I found the Levenshtein
edit distance algorithm (via the damerau-levenshtein
gem) and I think it suits my purpose well enough.
This code compares every element to every other element in the array, adding the result of each comparison to a set of hashes which will be sorted by the :distance
key.
When this code is in use, the data in the array is logs from java services, so large edit distances show me which logs are most unique compared to the rest.
Input data is in this form:
["Failed to process service event Error: 404 Not Found", "Failed to process service event Error: Resource not found in Storage service", "Throughput exceeded for table test-us-east-1-service-table."]

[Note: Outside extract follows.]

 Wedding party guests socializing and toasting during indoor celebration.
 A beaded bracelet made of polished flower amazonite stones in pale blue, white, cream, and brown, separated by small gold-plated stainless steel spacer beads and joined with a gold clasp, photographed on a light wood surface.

def get_edit_distances(arr)
if arr.empty?
return []
end
if arr.length == 1
return [arr[0]]
end
dl = DamerauLevenshtein
results = Set.new
i = 0 #array position
while i < arr.length
j = i + 1 #element to compare arr[i] against
while j < arr.length
results.add({message: arr[i], distance: dl.distance(arr[i], arr[j], 1, 256)})
#This is to make sure we have every element in the final results
if j+1 == arr.length
results.add({message: arr[j], distance: dl.distance(arr[0], arr[j], 1, 256)})
break
end
j += 1 #increment
end
i += 1
end
final_results = results.to_a
#sort in descending order by distance
final_results.sort! {|a,b| b[:distance] <=> a[:distance]}
#remove duplicates of messages now that everything is sorted
final_results.uniq! {|m| m[:message]}
#return array of messages
final_results.map {|r| r[:message]}
end
The output of this code is an array of the messages, ordered by uniqueness:
["Throughput exceeded for table test-us-east-1-service-table.", "Failed to process service event Error: Resource not found in Storage service", "Failed to process service event Error: 404 Not Found"]
For an array of 928
elements (normally there will be ~10,000,000), I got an output of 11801
elements (there were multiple edit distances for a single result, the set
prevented duplicate messages for the same distance).
Benchmark results for the whole loop:
user system total real
Edit Dist Loop: 62.260000 0.110000 62.370000 ( 62.456783)
Question: Is there a better way to create a sorted array/set of unique elements, ordered by uniqueness?